On Thursday, a group of anonymous artists and activists dressed as MTA maintenance workers made some subtle yet powerful adjustments to the “If You See Something, Say Something” advertisements in New York subways.
New Yorkers will immediately recognize the MTA’s iconic, orange campaign posters, which feature photos of “regular New Yorkers” like Gregg T., Jo M. and Officer Chin alongside testimonials that recount their supposed paths to becoming everyday heroes by reporting suspicious behavior from fellow passengers.
The new campaign posters appear almost identical to the originals, but look closer and the testimonials have been changed to reflect the pressing fears stoked by our current political climate.
“I felt like a hero reporting what I saw,” Melissa C.’s quote reads. “But what scares me more than an unattended package is an unattended politician. We have to keep an eye on how our representatives vote and hold them accountable.”
“I’m glad I was reminded to report that suspicious bag,” Jo says in her snippet. “But I wonder, when my own president uses a willing media to perpetuate a constant state of fear, who are the real terrorists and who profits off my panic?”
The five replacement ads also feature the hashtag #Resist, and a phone number connecting to the MTA safety line.

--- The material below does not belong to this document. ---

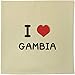 Azeeda 40cm 'I Love Gambia' Funda de cojín de Lona (CV00023610)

“I have no problem with the [original] MTA campaign,” an anonymous artist behind the subway ad remix explained in an interview with Hyperallergic. “It’s smart and it’s responsible — it was a backpack that was involved in the Boston bombing, so we should be on the lookout for suspicious bags, and I didn’t want to take that away from the ads. But to me, a campaign that’s telling you to be vigilant, but just say something when the problem’s already in front of you, is kind of useless. Let’s try to get a little bit more upstream from the problem. Where is the root of this problem?”
An artist also told Gothamist that the public intervention was inspired by President Donald Trump’s November victory. In the past few months, minorities in New York have been subject to violence and intimidation, from racist graffiti to bomb threats to fatal shootings. “I’m just more sensitive to every kind of message around me now that’s coming from a government agency,” the artist said.
Because the fake ads are technically illegal, the artists involved have elected to remain anonymous, a Gothamist reporter told The Huffington Post. And, in an effort to keep the posters circulating as long as possible, they ask the public not to disclose which subway lines they are on.
New Yorkers, on your next Subway commute, be vigilant. Both in terms of the safety of your fellow commuters and the potential for compelling activist art.